TASK DIRECTIONS:
What needs reproducing is the run of lines in the data below starting at the line with "CATLINK胖宝猫砂盆适配猫砂心得" and ending at the line with "Томат розовый гигант: описание, особенности", both ends included. Copy it exactly, without pictures, and add nothing.

RECORD EXCERPTS:

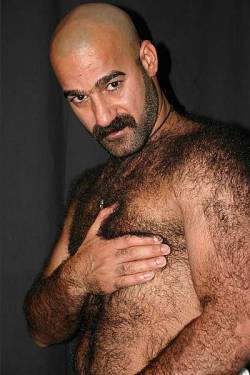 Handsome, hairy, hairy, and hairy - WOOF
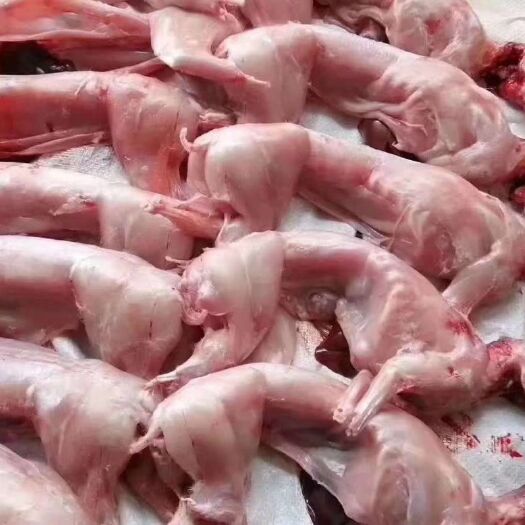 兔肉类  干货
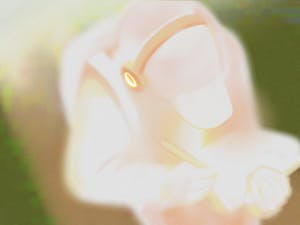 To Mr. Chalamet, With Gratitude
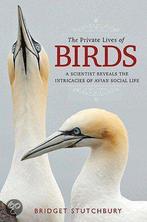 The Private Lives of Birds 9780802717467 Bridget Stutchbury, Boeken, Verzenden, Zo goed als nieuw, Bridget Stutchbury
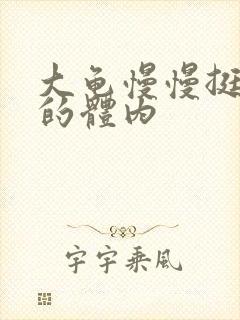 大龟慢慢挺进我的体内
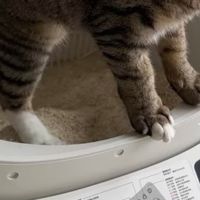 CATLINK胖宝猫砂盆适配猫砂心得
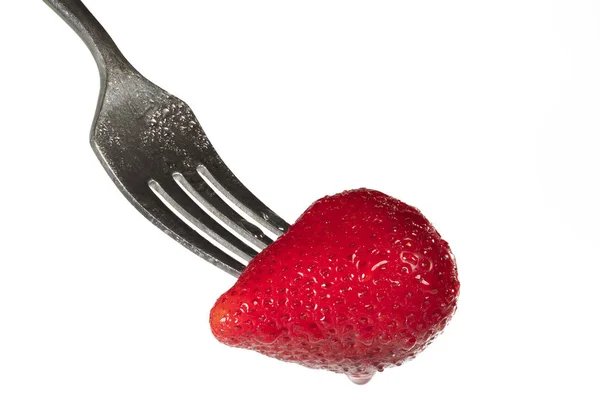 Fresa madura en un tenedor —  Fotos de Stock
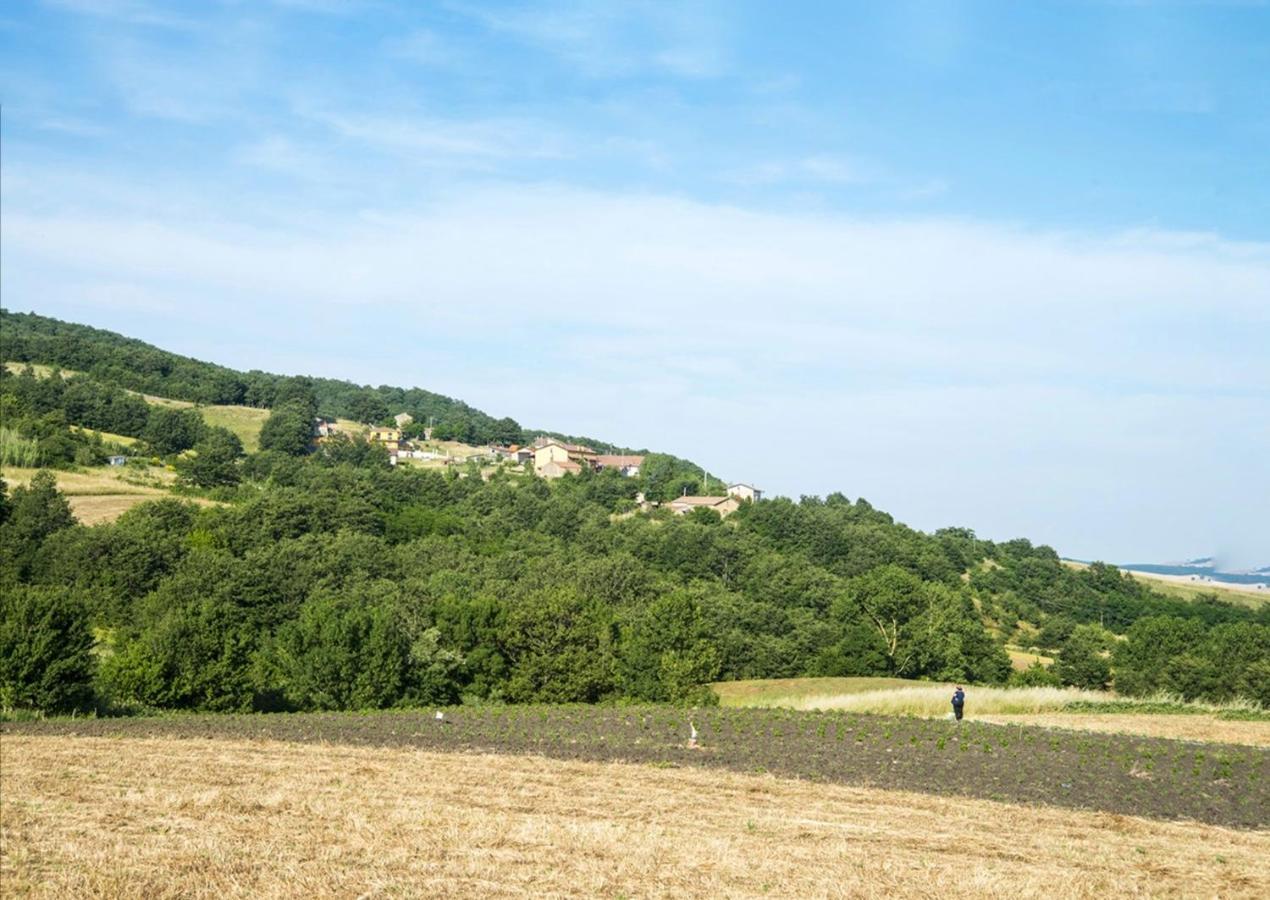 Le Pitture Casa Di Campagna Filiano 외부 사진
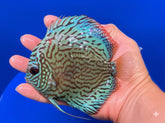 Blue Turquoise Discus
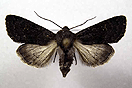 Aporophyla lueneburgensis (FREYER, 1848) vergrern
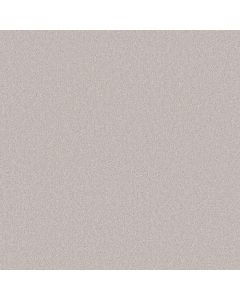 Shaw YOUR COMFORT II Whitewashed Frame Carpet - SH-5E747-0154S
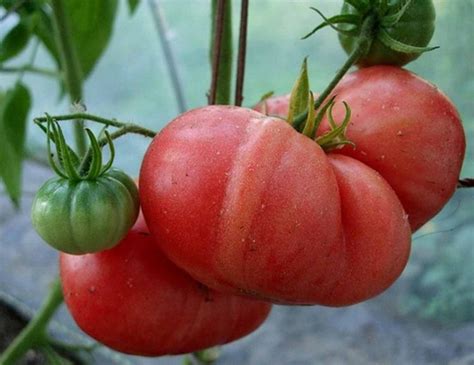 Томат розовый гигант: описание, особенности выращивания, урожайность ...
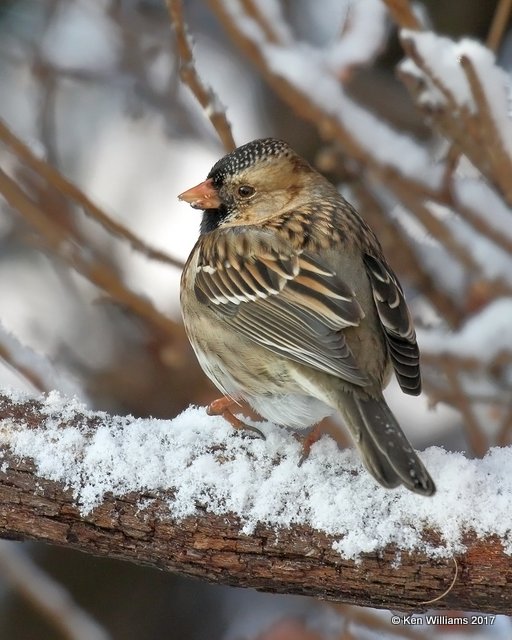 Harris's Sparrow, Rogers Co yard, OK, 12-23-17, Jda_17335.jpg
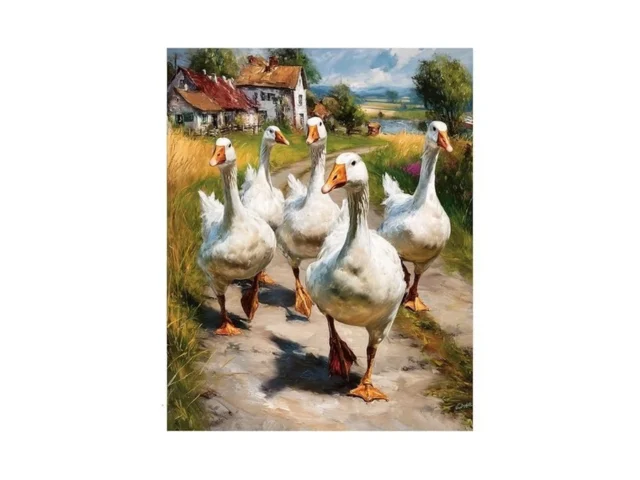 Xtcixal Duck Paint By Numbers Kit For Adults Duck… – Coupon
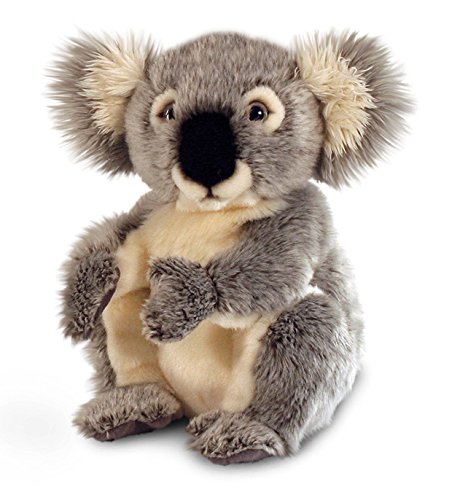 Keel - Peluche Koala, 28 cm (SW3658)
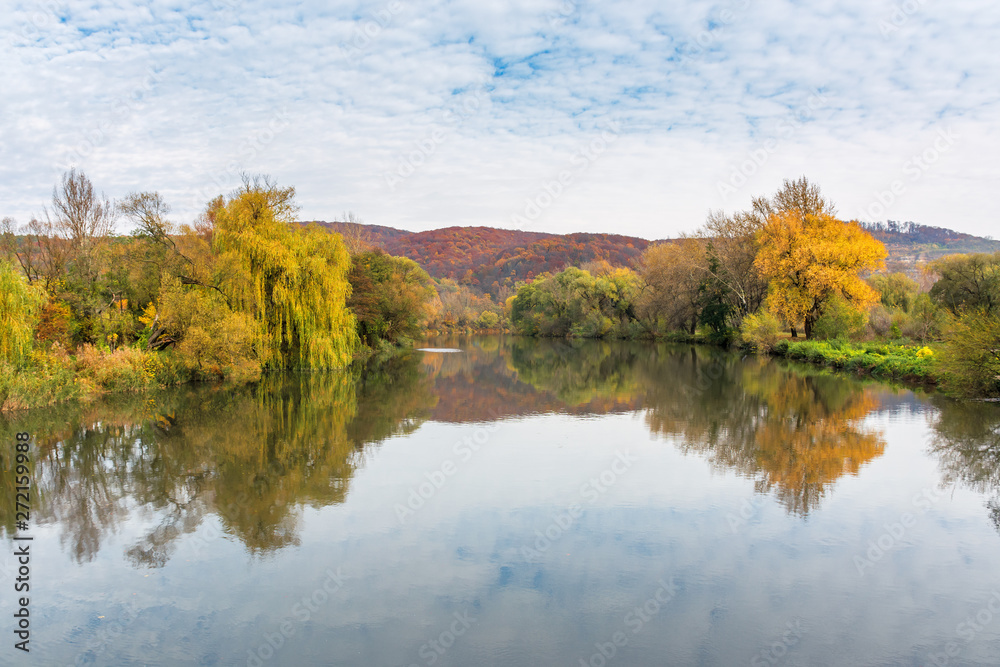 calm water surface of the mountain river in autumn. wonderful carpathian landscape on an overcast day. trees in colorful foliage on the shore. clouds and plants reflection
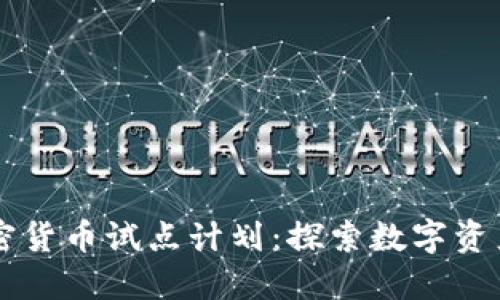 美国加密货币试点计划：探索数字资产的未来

TASK SOLUTION:
 CATLINK胖宝猫砂盆适配猫砂心得
 Fresa madura en un tenedor —  Fotos de Stock
 Le Pitture Casa Di Campagna Filiano 외부 사진
 Blue Turquoise Discus
 Aporophyla lueneburgensis (FREYER, 1848) vergrern
 Shaw YOUR COMFORT II Whitewashed Frame Carpet - SH-5E747-0154S
 Томат розовый гигант: описание, особенности выращивания, урожайность ...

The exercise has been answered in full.